:: Task to carry out ::
What follows is a set of records. Retype them exactly, leaving out the pictures.
** Record excerpts follows **
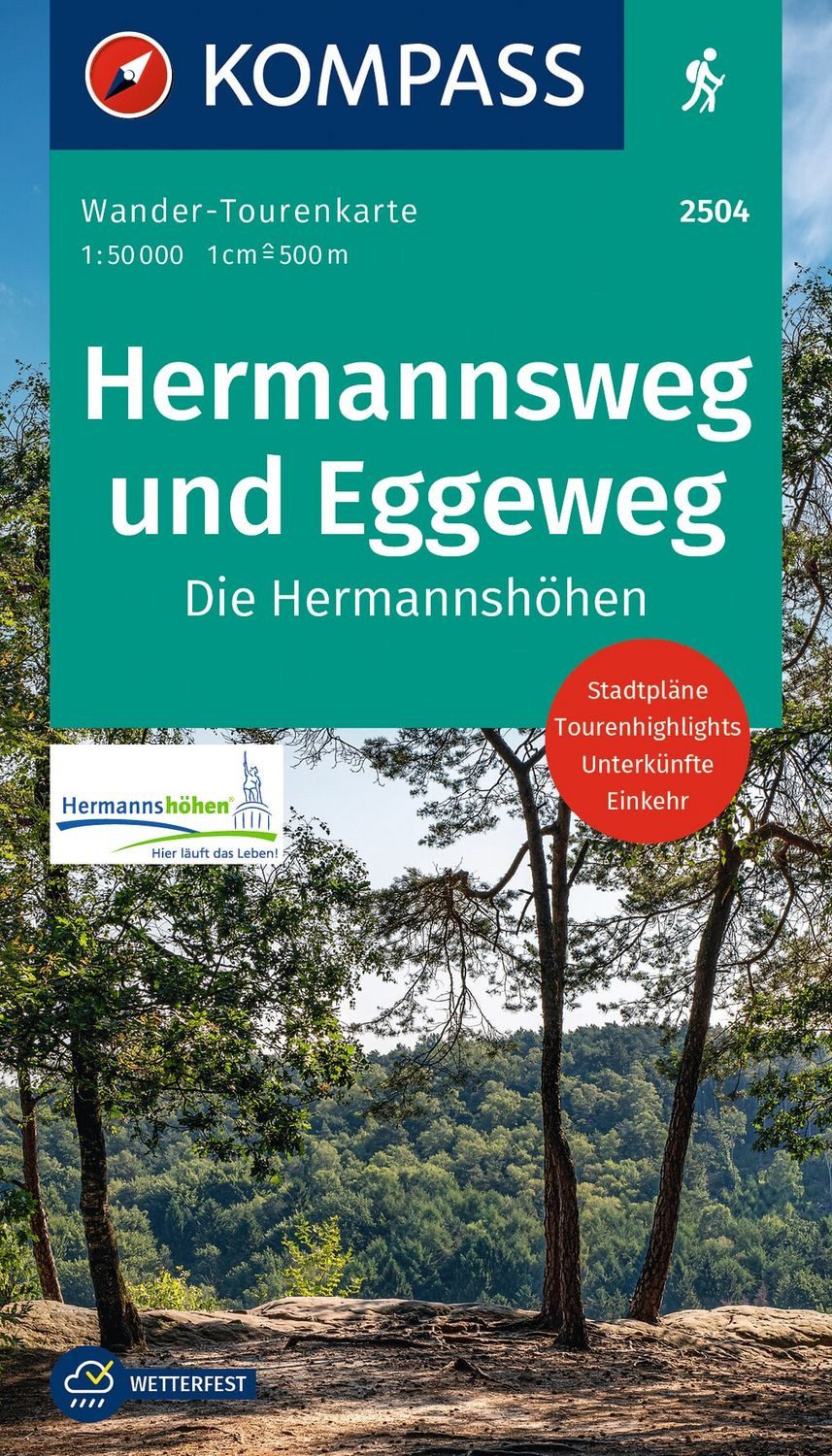 KOMPASS Wander-Tourenkarte Hermannsweg und Eggeweg, Die Hermannshöhen / diverse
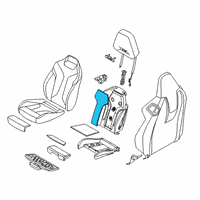 OEM 2022 BMW M8 SUPPORT, CLIMATE SEAT BACKRE Diagram - 52-10-8-072-076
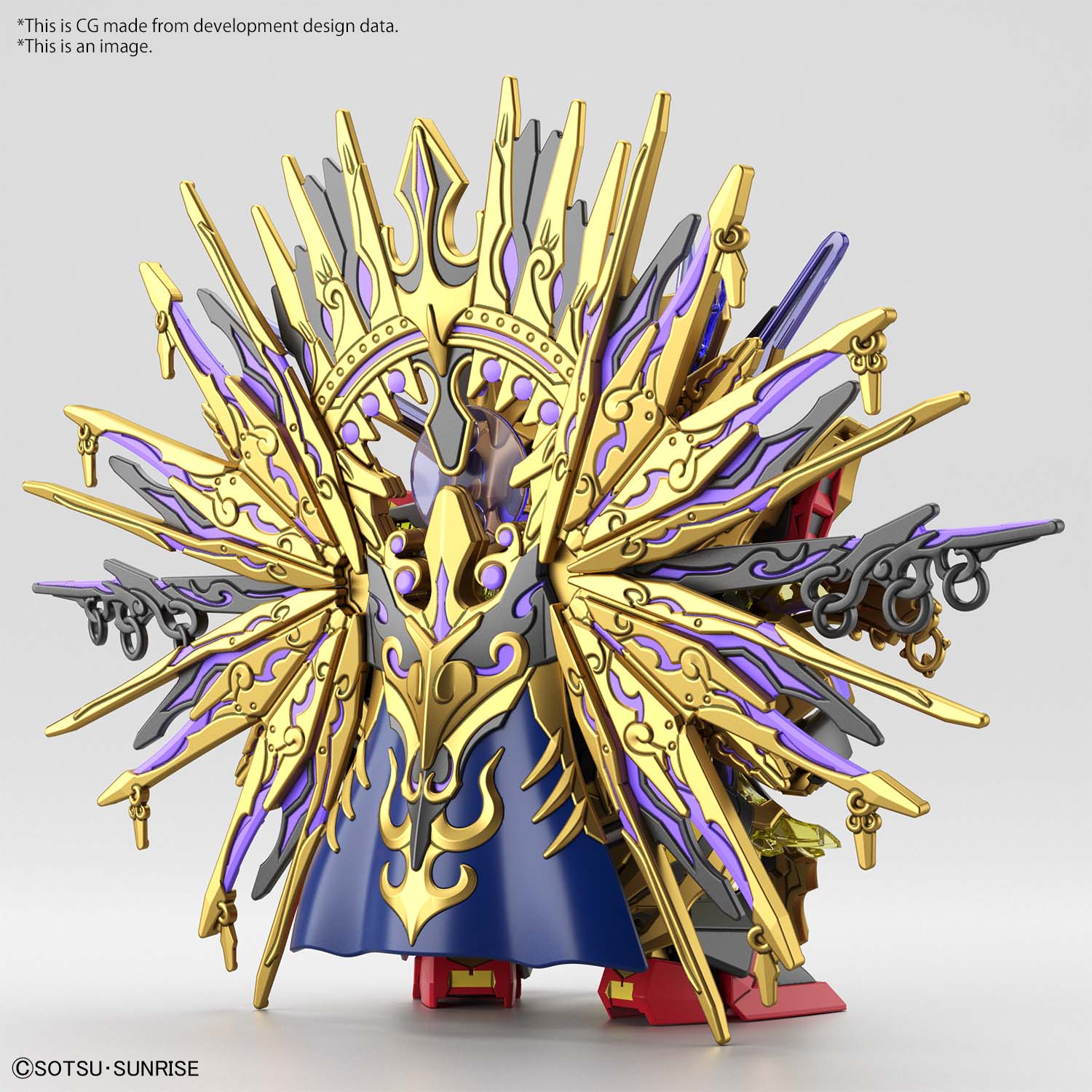 BANDAI GUNPLA SDW Heroes Qiongqi Strike Freedom Gundam 15 d vue promotionnelle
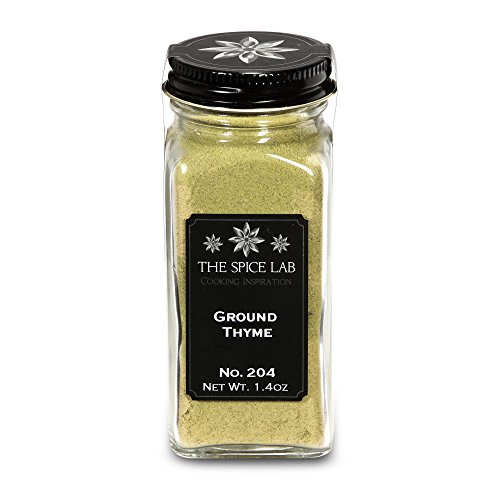 The Spice Lab No. 204 - Ground Thyme - Kosher Gluten-Free Non-Gm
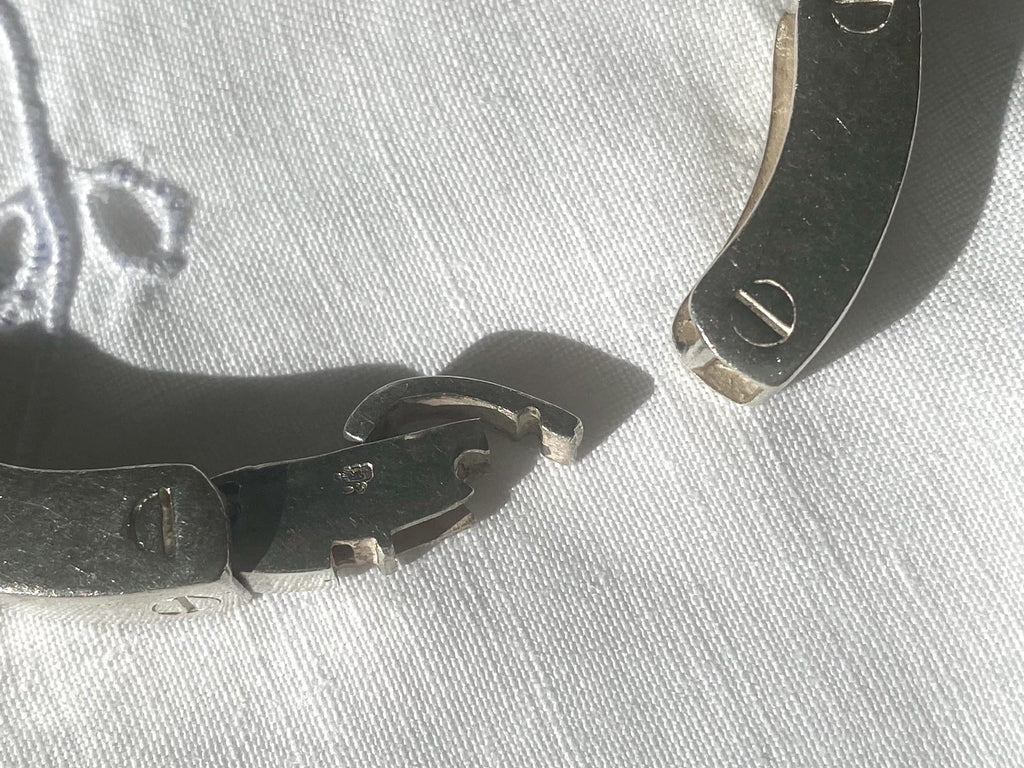 Silver 925 Chunky Bar Bracelet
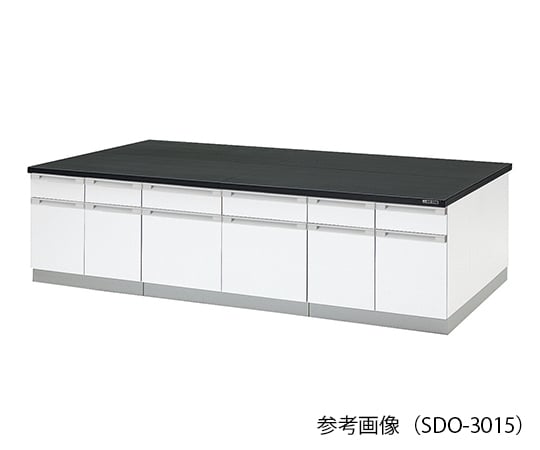 【大型商品※送料別途】アズワン3-7934-01　中央実験台 (木製タイプ) 1800×1200×800 mm　SDO-1812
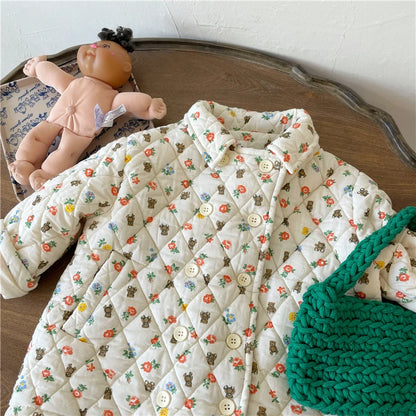 2021 Winter Kids Baby Girls Boys Autumn Winter Full Sleeve Solid Knitted Outwear Coat Ins Style Children Girls Cardigan Sweater
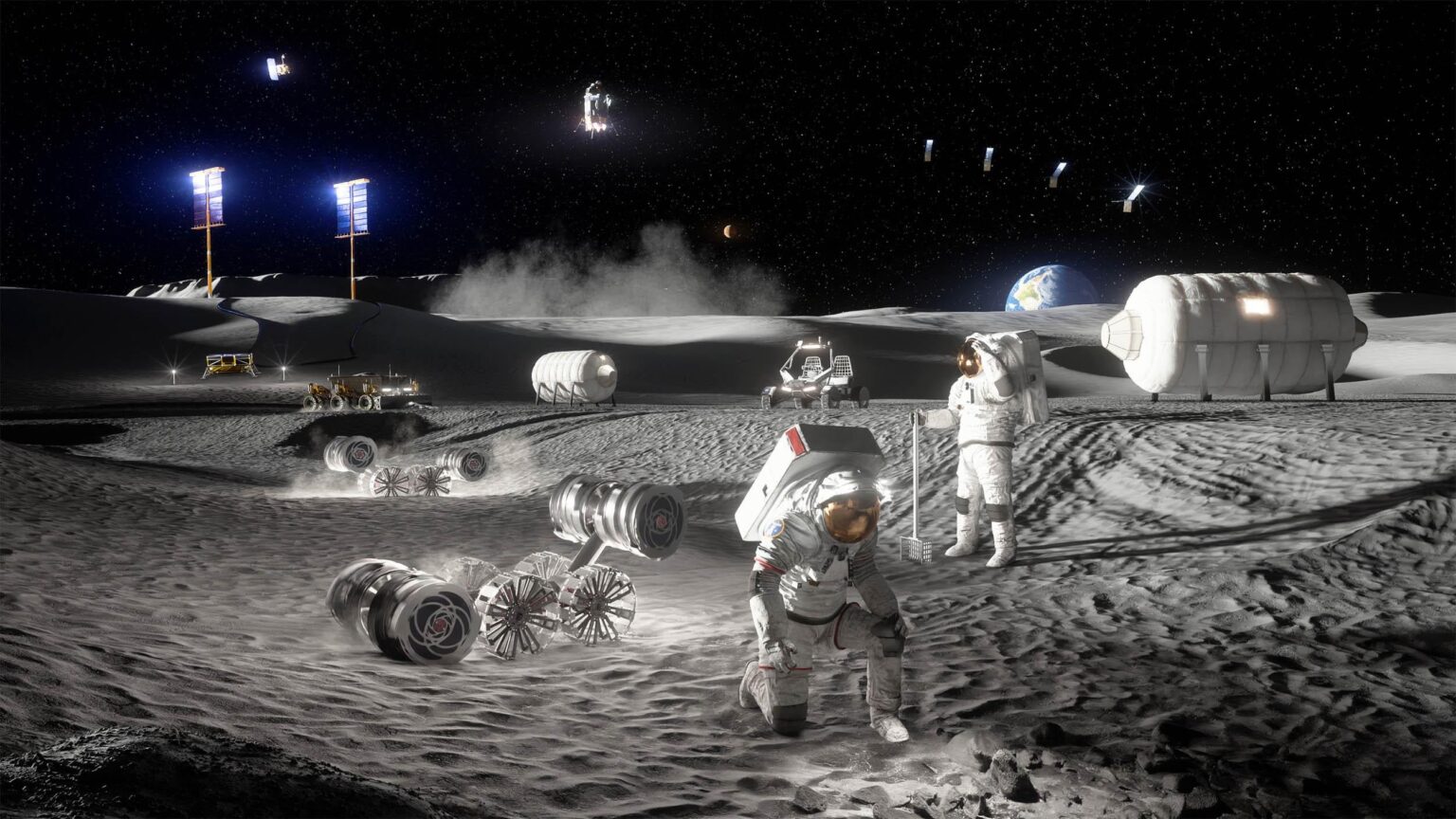 NASA's Moon base starts taking shape with rovers, landers, and drones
** End of Record excerpts **
:: Response to this exercise ::
 KOMPASS Wander-Tourenkarte Hermannsweg und Eggeweg, Die Hermannshöhen / diverse
 OEM 2022 BMW M8 SUPPORT, CLIMATE SEAT BACKRE Diagram - 52-10-8-072-076
 BANDAI GUNPLA SDW Heroes Qiongqi Strike Freedom Gundam 15 d vue promotionnelle
 The Spice Lab No. 204 - Ground Thyme - Kosher Gluten-Free Non-Gm
 Silver 925 Chunky Bar Bracelet
 【大型商品※送料別途】アズワン3-7934-01　中央実験台 (木製タイプ) 1800×1200×800 mm　SDO-1812
 2021 Winter Kids Baby Girls Boys Autumn Winter Full Sleeve Solid Knitted Outwear Coat Ins Style Children Girls Cardigan Sweater
 NASA's Moon base starts taking shape with rovers, landers, and drones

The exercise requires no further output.